/LensCalibrator

Convert coordinates in a picture to the real world based on multiple reference points in the picture.

Primary LanguagePythonMIT LicenseMIT

LensCalibrator

Test Status

LensCalibrator converts coordinates in a picture to the real-world based on multiple reference points in the picture using openCV.

Requirements

Sample

The blue circles in the images below are the reference points that located 1,700 mm height from the floor and were manually plotted from still frames. The blue lines are guidelines connecting reference points drawn on an assumption. Then, the red circles are re-calculated points via this script from the original (blue) reference points.

Image
original image
undistorted
undistorted + projected

Usage

See --help.

$ ./calibrate.py --help
usage: calibrate.py [-h] [--version] [-t] [-v] [--out FILE] [--location FILE]
                    [--camera FILE] [--size WIDTH HEIGHT]
                    [--in_cols INDEX INDEX] [--z_col INDEX]
                    [--out_cols INDEX INDEX]
                    [FILE]

Translate coordinates in a picture to the real world.

positional arguments:
  FILE                  path to source file

optional arguments:
  -h, --help            show this help message and exit
  --version             show program's version number and exit
  -t, --test            test the program
  -v, --verbose         display debug info to standard output (default: False)

output options:
  --out FILE            path to output file (default: display to standard
                        output)

input options:
  --location FILE       path to location file (default: Localiton.csv in the
                        same directory of source file)
  --camera FILE         path to camera model file for undistortion (default:
                        points in source file are used)

format options:
  --size WIDTH HEIGHT   dimension of the image (default: (3840, 2160))
  --in_cols INDEX INDEX
                        column positions of x, y in file (default: [2, 3])
  --z_col INDEX         column position of z in file (default: None)
  --out_cols INDEX INDEX
                        column positions of x, y in file for calibrated data
                        (default: same as in_cols)

Mechanism of coordinates translation

This program, calibrate.py, translates x, y (,z) coordinates in a 2D picture to the real world in two steps:

  1. undistortion: Remove the camera lens distortion.
  2. projection: Translate coordinates from a 2D space to the real-world space.

1. Undistotion

There are two strategies for the removal of the camera lens distortion:

  1. Use reference points in the location file.
  2. Use a camera model file.

You can choose one of those according to your data source.
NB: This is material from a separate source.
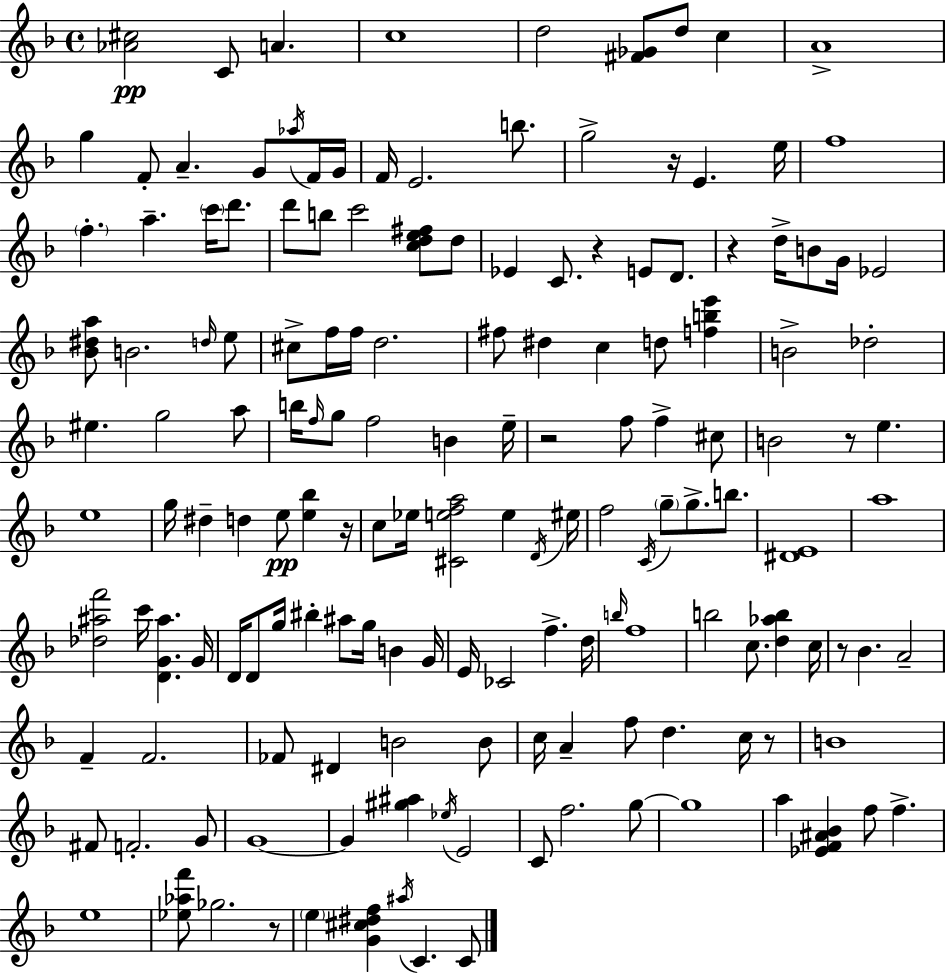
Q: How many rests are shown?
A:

When a valid camera model file is given to the calibrate.py script with --camera option, the second strategy is used; otherwise, the reference points in the location file is also used for the undistortion. In general, using a camera model file is recommended, especially when you have only a small number of reference points. If you use your reference points for undistortion, take many reference points, such as 20 or 30, to calculate accurate lens distortion.

2. Projection

The undistorted coordinates are then translated to the real-world space based on pairs of the reference point coordinates in the real-world and the picture.

When you take a video data, Shoot some reference points, of which x,y,z coordinates are known, with the same camera condition. Here, more than four reference points for each elevation level are required. Afterwards, measure the x, y coordinates of those reference points in the picture. The reference points are described in a location file and given to the program via --location option.

File format

Location file

  • CSV format: comma-separated, LF line endings.
  • Each line describes the relationship between a reference point in the picture and the real world. The first three columns represent x, y, z coordinates in the real world in mm, and the remaining two columns represent x,y coordinates in the picture in pixel.
  • See file at test/Location.csv for example.

Camera model file

Create a camera model file using modelcamera.py. Take more than 20 pictures of a checker pattern with different angles and place all of them in the same directory. Run modelcamera.py by passing the path to the checker pattern picture directory. See modelcamera.py --help for details.

You can obtain a checker pattern image from the openCV repository: checker pattern image by openCV.